### Records to process:
--- START ---

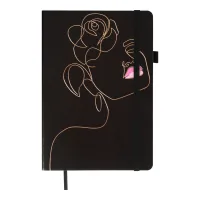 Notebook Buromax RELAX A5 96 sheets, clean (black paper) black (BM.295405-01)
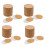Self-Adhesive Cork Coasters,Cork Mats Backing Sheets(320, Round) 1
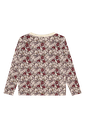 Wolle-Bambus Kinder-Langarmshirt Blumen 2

--- END ---
--- START ---

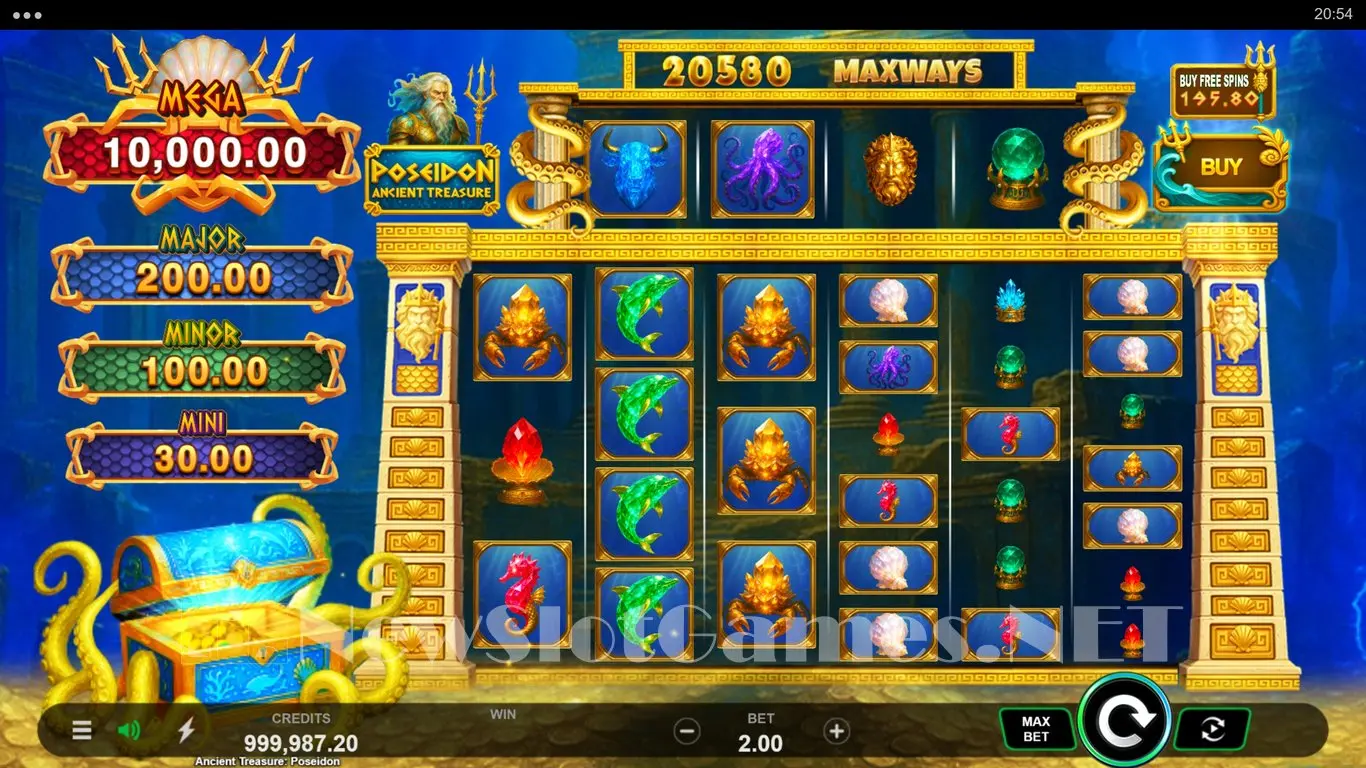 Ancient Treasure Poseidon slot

--- END ---
--- START ---

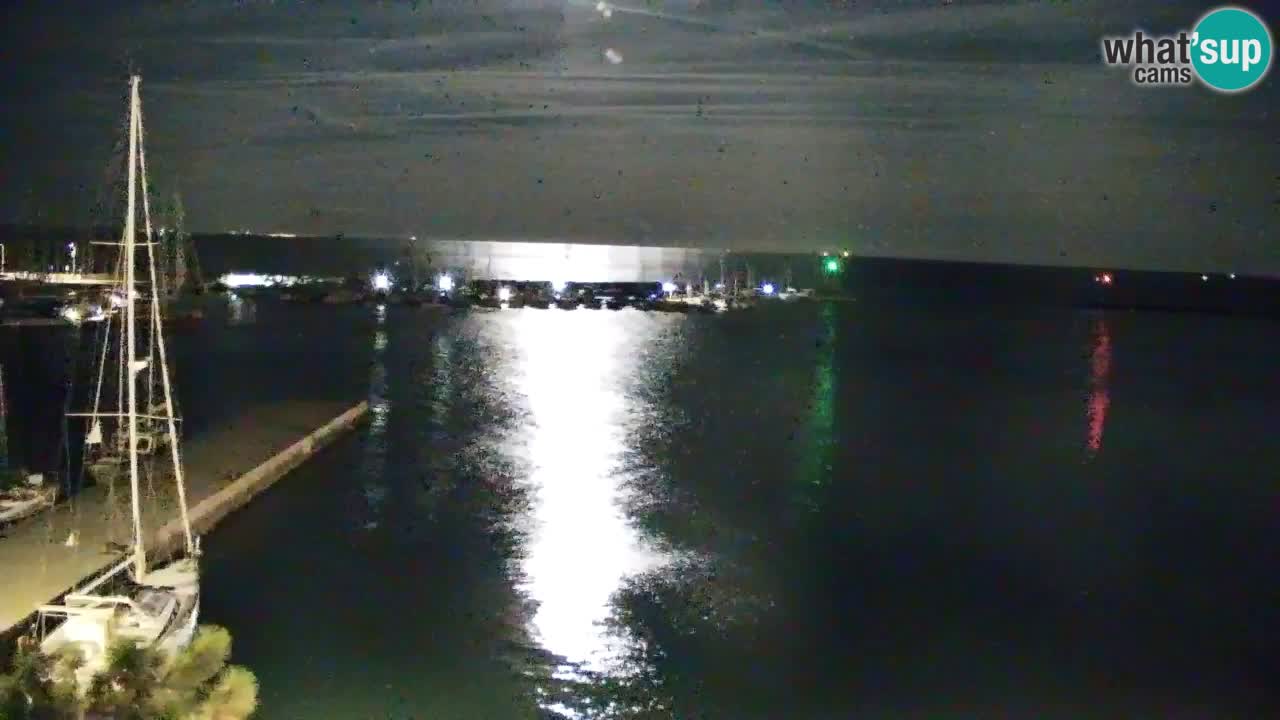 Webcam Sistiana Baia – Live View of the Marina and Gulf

--- END ---

### What is being asked:
Above are some entries; copy exactly the lines from the line with "Self-Adhesive Cork Coasters,Cork" through the line with "Wolle-Bambus Kinder-Langarmshirt Blumen 2", both included, but none of the pictures.

### Task answer:
Self-Adhesive Cork Coasters,Cork Mats Backing Sheets(320, Round) 1
 Wolle-Bambus Kinder-Langarmshirt Blumen 2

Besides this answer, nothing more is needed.